You'd have to get that info from whoever transported the content to the
canning facility. They will have a record of where the content came from.
However, the content itself is made up of ingredients, each of which
could have come from different places. So then you'd have to find out
where each ingredient came from. Then you'd have to ask the places
where each ingredient was manufactured, to see where the ingredients
for each ingredient came from. It's exponential. Of course, eventually,
each line of inquiry would end up with a something that can't be further
broken down, and once you'd exhausted all the paths of the import/export/
transport tree, you would know where everything came from.

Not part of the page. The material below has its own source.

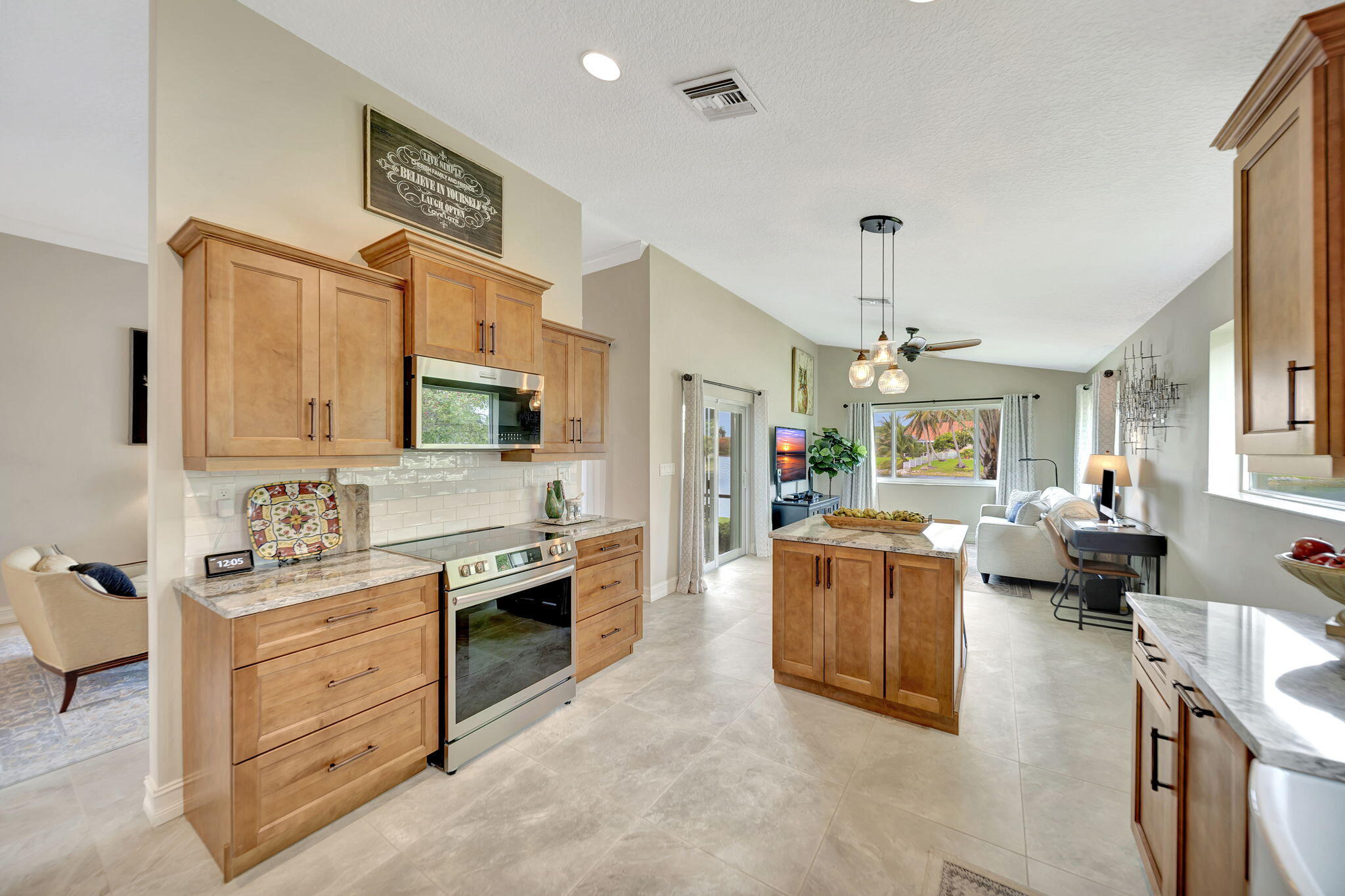 CORAL CREEK - Residential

EXCEPT... often times, when a plant buys ingredients/parts to manufacture
an item, there might be several possible vendors they use, depending on
availability, current price, phase of the moon, etc. It might not always
be clear which company provided ingredient X in this particular batch
of compound Q. If you're just trying to eliminate certain manufacturers
or countries, then you'd have to check every potential source, at each
stage of manufacture, to see if your blacklisted place(s) pop up. This,
at least, is theoretically possible. But you'll never get a definitive
answer about where every ingredient in a specific can of cat food came
from.

Also, record-keeping for transport isn't always reliable, so there
might be missing or plain wrong information somewhere along the line.
As I've said before, I think you'd need to hire a private detective to
get your answers.

I also think that, in some part of every manufactured item, something's
going to come from China, and I just don't think it's possible to avoid it.
But as you pointed out, China is not the only country that cuts corners,
with potentially disastrous consequences. It's just the most visible one
at the moment. You'd have to live on an isolated island, and get everything
you use from your own work or that of your fellow strandees on the island,
in order to be sure where everyhing comes from.